Explain supplementary quantities and their units in the $SI$ system.

(N/A) There are two supplementary quantities in the $SI$ system:
$(1)$ Plane angle $d \theta$
$(2)$ Solid angle $d \Omega$
$(1)$ Plane angle $d \theta$: The ratio of the arc length of a circle to its radius is called the plane angle $(d \theta)$.
From the figure,the plane angle $d \theta = \frac{\text{arc}}{\text{radius}} = \frac{ds}{r}$.

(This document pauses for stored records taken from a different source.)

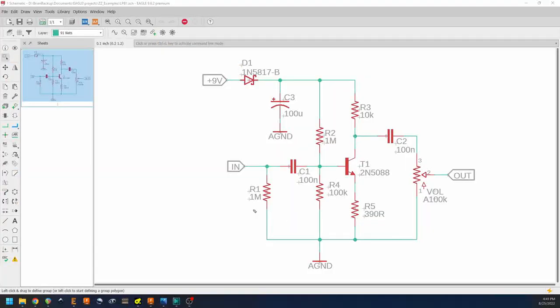Today we're going to look at one of the real classics of transistor-based boost designs, and that is the LPB1 from Electro Harmonix. It's been around forever and is considered by many to be a standard first build or early build to help you get your feet under you.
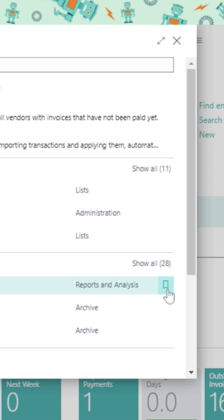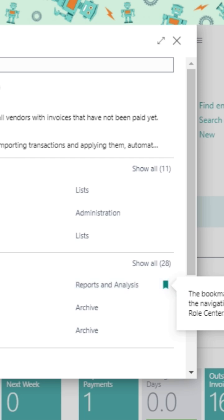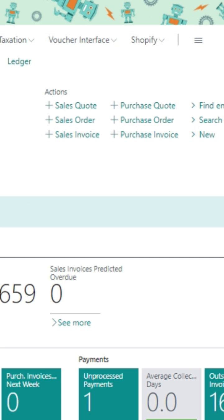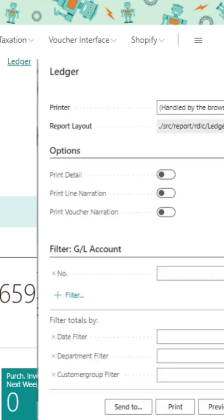You need to click here. The bookmark was added to the navigation menu on your role center. So just go to your home page or role center and you can find the report. Now this is marked as bookmark, as your favorite, as your prioritized report into the home page or role center.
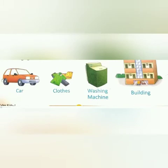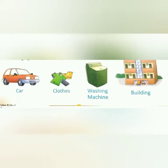Now everyone see this picture. In this picture what are you seeing? Car, clothes, washing machine, building — these are things that humans have made. So the things made by man are known as man-made things.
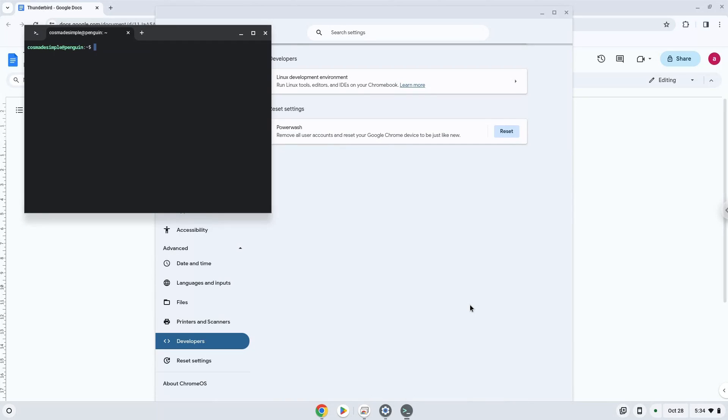Now that we have enabled Linux apps on our system, we will continue to the next step, which is to run several commands in a terminal, which will install the application. All the commands are in the video description.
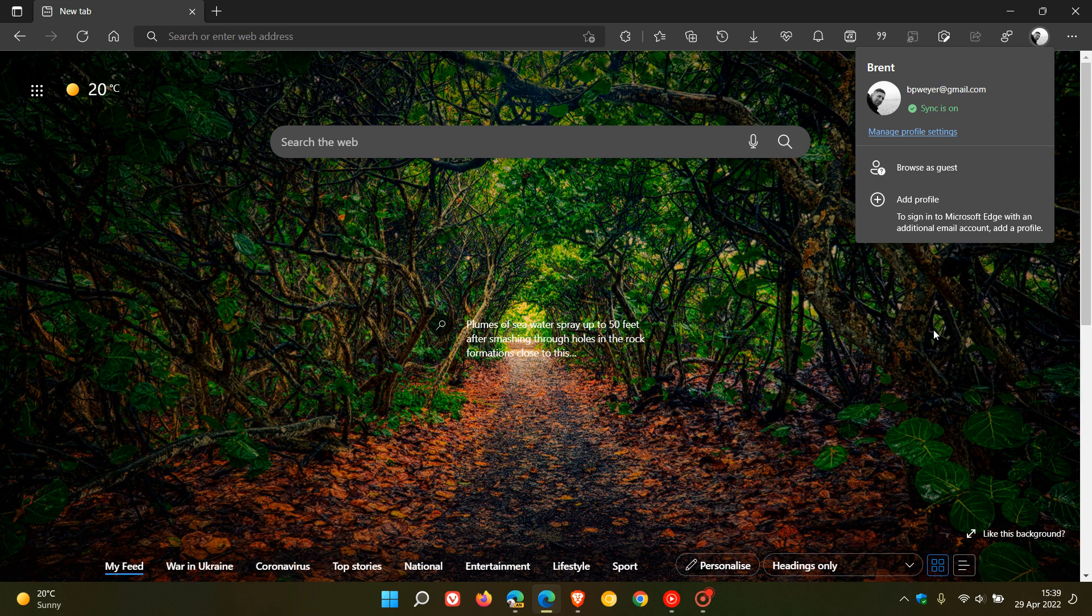So in a nutshell, what that means is that you'll now be able to set a default profile that launches whenever you open the browser instead of the last profile that you used.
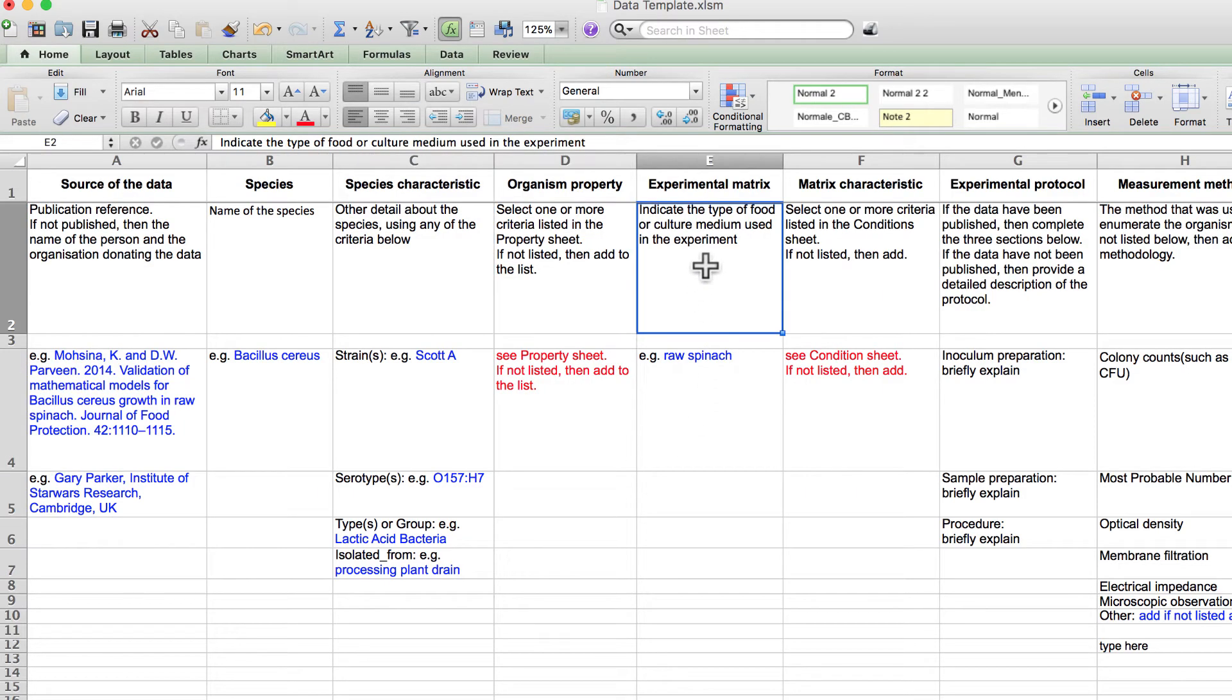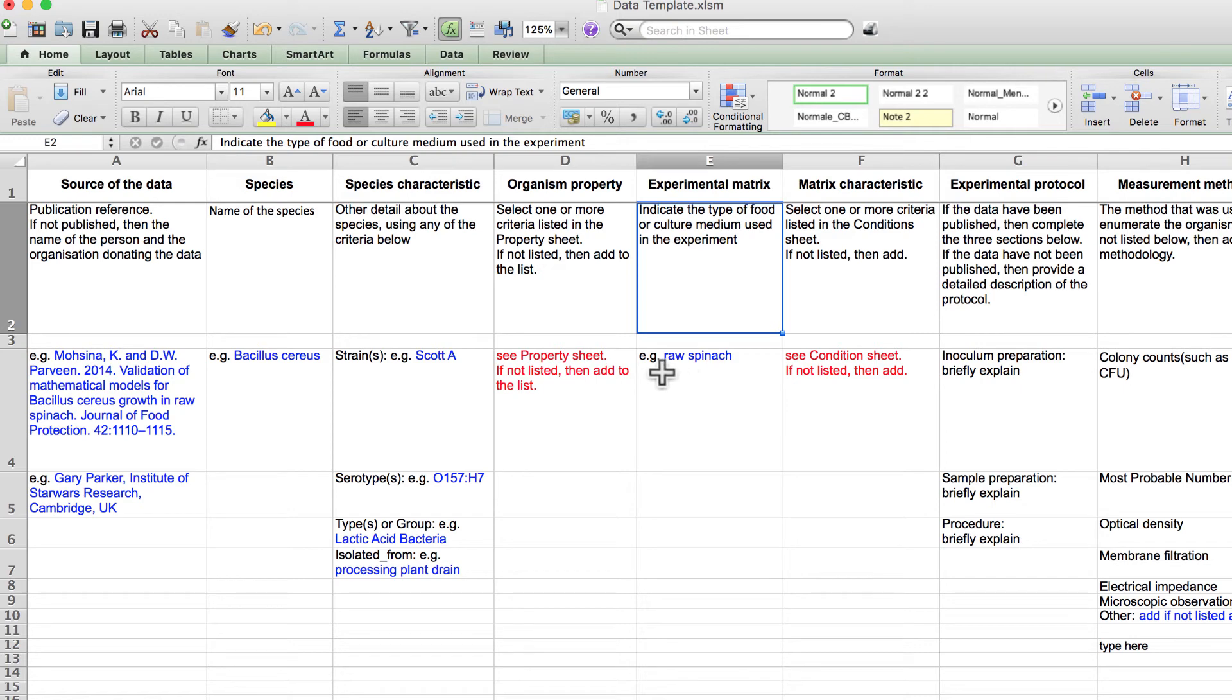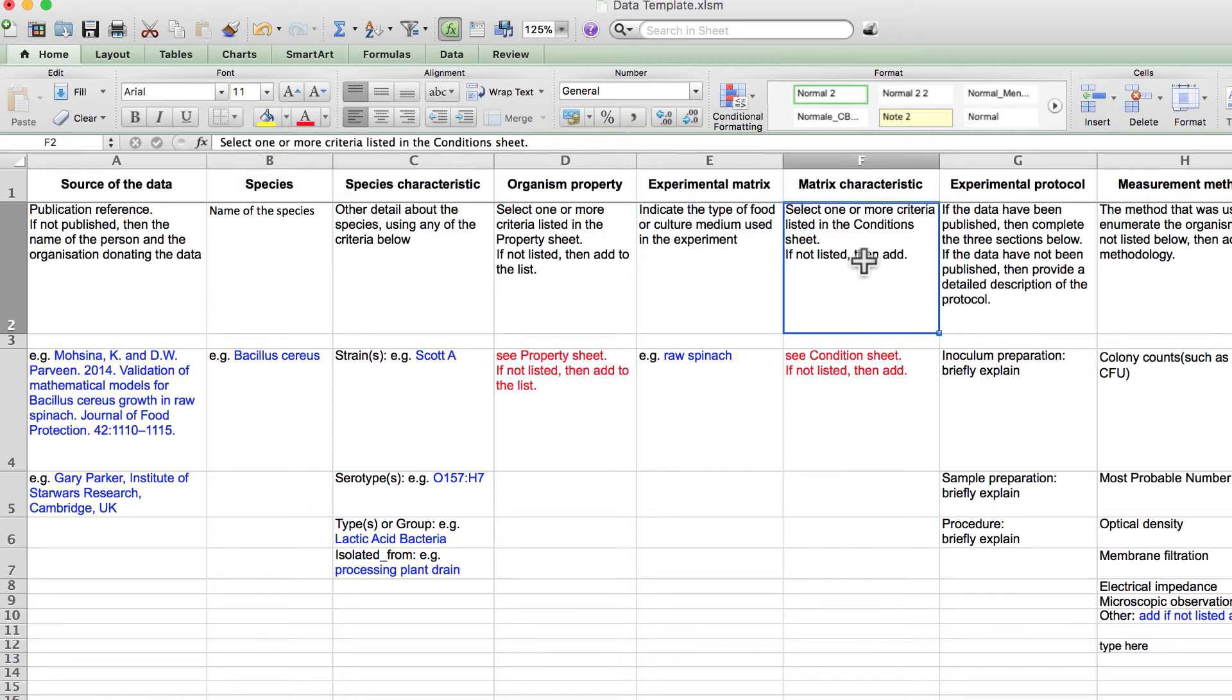Now let's go back to the master sheet. Column E refers to the experimental matrix, such as microbiological broth or a specific food that the organism was added to. Column F indicates information about the matrix environment. To see examples of these characteristics, let's look at the condition sheet.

The plane angle subtended at the center by an arc of a circle having a length equal to the radius is called $1$ radian. It is represented as $rad$. The maximum value of the plane angle is $2 \pi \ rad$.
If $ds = r$,then $\theta = 1 \ rad$.
$[1^{\circ} = \frac{\pi}{180} \ rad]$ and $[1 \ rad = \frac{180}{\pi} \ \text{degree}]$.
$(2)$ Solid angle $d \Omega$: The angle subtended by an area $(\Delta A)$ on a spherical surface at the center of the sphere is called the solid angle $d \Omega$.
$d \Omega = \frac{dA}{r^2} \ \text{steradian}$.
From the figure,the solid angle $d \Omega = \frac{\text{area}}{(\text{radius})^2} = \frac{\Delta A}{r^2}$.
The maximum value of the solid angle is $4 \pi \ sr$.
The angle subtended by an area of $1 \ m^2$ on a sphere of $1 \ m$ radius at its center is called $1$ steradian. Its symbol is $sr$.
If $\Delta A = 1 \ m^2$ and $r = 1 \ m$,then $\Omega = 1 \ sr$.